The Train and Beijing

Soft sleepers really are the best way to travel.

After I hauled my two over-sized suitcases up the platform, then dragged them on to the train, I found my berth on the second car. There were four beds: two bottoms, two tops. I had the lower left and an older, middle-aged woman had the bottom right. The two tops were to get on at the next stop. Both men. Obvious jokes came to mind.

I read for the first hour while the woman across from me watched me with a strange interest. At one point, she actually reached over, grabbed one side of my book, and twisted it towards her to see what it was. I knew she couldn’t read English, but she could immediately recognize by the form of the writing that it was a book of poems.

“Poetry,” I said. She nodded as if she understood, then went back to staring while I continued to read on. It didn’t occur to me until after I finished the book and set it down in front of me that her interest might have had something to do with the cover of the collection, which prominently features an ink-brush drawing of a nude woman embracing a larger-than-life-sized penis. I was reading “Harlot,” by Jill Alexander Essbaum.

After the hour with the penis-book (which is what I’m sure the woman was secretly calling it to herself), the two men arrived and our berth was full. It didn’t take long for my three train companions to fall asleep, so I switched off the light and sat in darkness, watching China float by in the night.

What I saw passing by were rail-side homes, shops closed and locked up for the night, concrete highway bridges, so many factories and their adjoining barracks, street lamps in their amber sentry, night-rider taxis, and enormous high-rises that looked like monsters after midnight.

There is something incredibly soothing about trains. The hum, the roll of the tracks, the slight rocking, and the steady pace of the railway as it pacifies your voyeuristic desires, all easily lull you to a trance. I’ve never been so comfortable when traveling as I was last night. And the most surprising thing of all may just be that the toilets were western and not squatters.

When my train finally arrived in Beijing, the sun was shining in the early morning traffic. I have not seen sunshine in over two months; Hangzhou has been consistent in its rainy season. Now that I am in the north, I can enjoy colder and drier temperatures along with more of the natural vitamin D. The feeling was incredible and made the twenty-minute taxi ride all the more likable. I sat in the cab, amazed at the sheer size and volume of this city. Beijing goes on and on.

Arriving at my new accommodations (my aunt and uncle’s apartment), I plopped my bags in the street and stared up at a Pepto-Bismol Pink building: home for the next six months. I have my own room at the end of the hall, adjacent to the master bedroom. Two twin beds and a mattress softer than any mattress I’ve felt in the south of China. Down the hall, on the other side of the living room – now decorated in Chinese red ornaments and white snowflakes on a six-and-a-half foot tree for Christmas – and next to the biggest kitchen I’ve seen in China, is my cousin’s room that he shares with his girlfriend. This apartment is a great size and feels like home already.

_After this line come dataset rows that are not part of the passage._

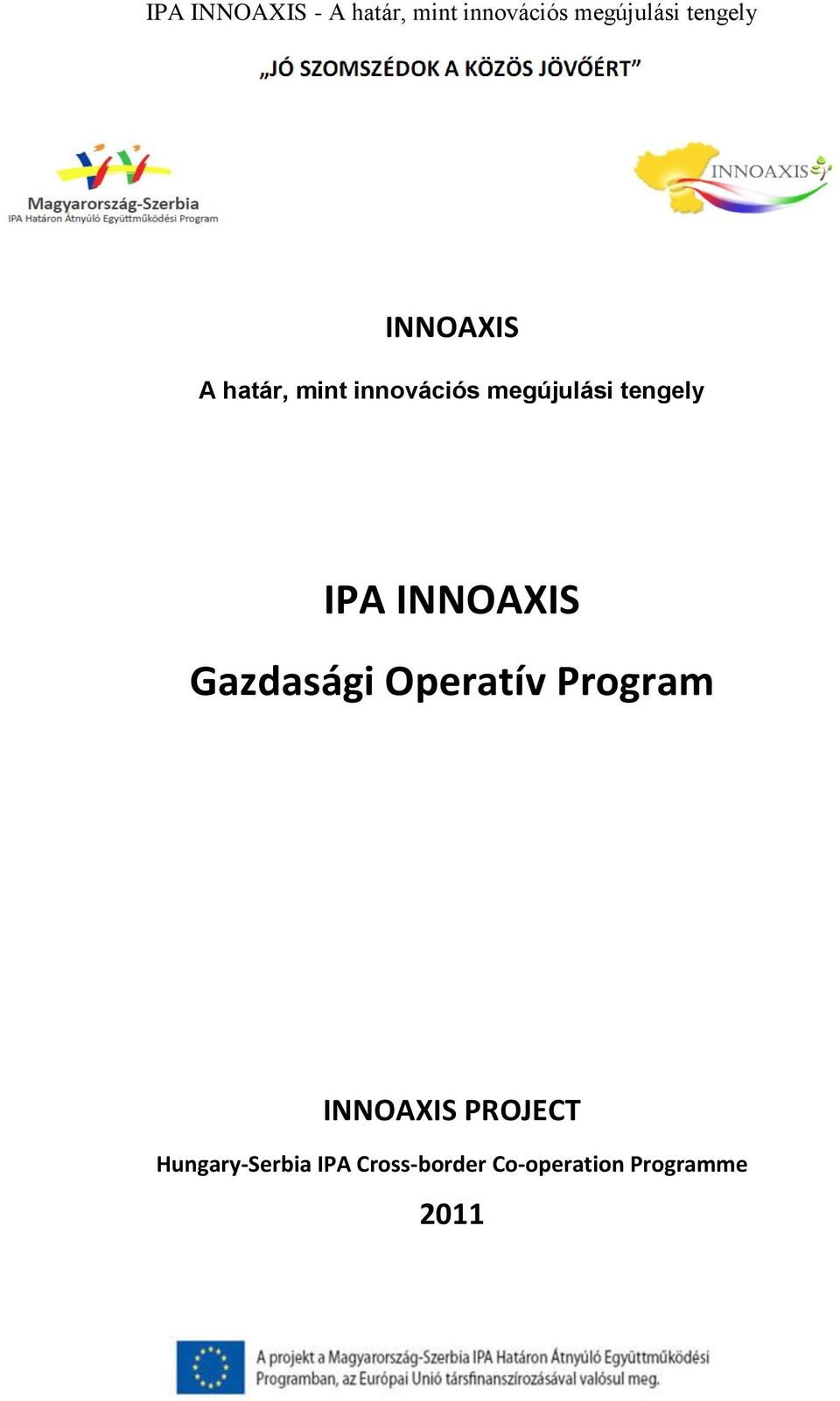 Operatív Program INNOAXIS PROJECT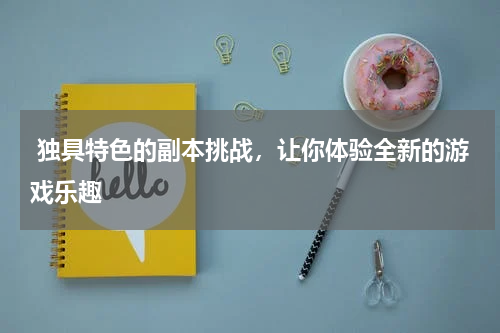  独具特色的副本挑战，让你体验全新的游戏乐趣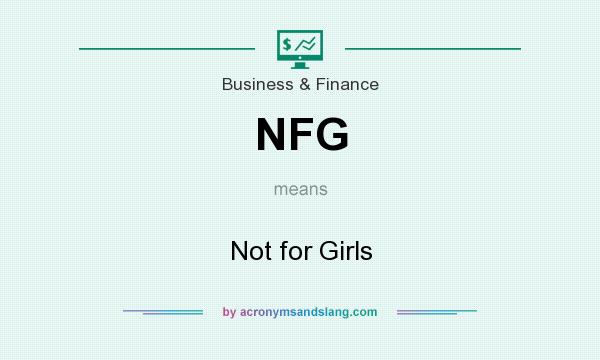 What does NFG mean? It stands for Not for Girls
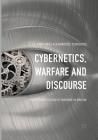 Cybernetics, Warfare and Discourse: The Cybernetisation of Warfare in Britain By Anthimos Alexandros Tsirigotis Cover Image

The neighborhood is its own foreign city central. Just around the corner is a delightful little market called April Gourmet, where I promptly snatched up the best food I have seen since my two-week visa stint to Wyoming in September. Across the street from this was a little Italian restaurant where we all had lunch. I’ve basked in the goodness of a palate cleansing and it hasn’t even been twenty-four hours yet. Already, I love this city.

My aunt M and my cousin’s girlfriend, J, took me shopping in the silk markets this afternoon. Our goal was a specific Christmas-shopping list. I had a few things in mind. The main events: a sweater for my cousin Z, and his brother, JET, who will arrive from Canada on Christmas Eve. I bargained with every stall in the first, second, and third floors of the market. Today was not a successful bartering day. I did manage, however, to buy a nice Hilfiger knock-off for my uncle E. One present down. Four to go. Tomorrow I’m going to work on the others.

As I suspected, life in Beijing is far better than it has been in Hangzhou. Compared to this capital city of twelve million people, Hangzhou may as well have been the countryside. It’s a whole new ball game.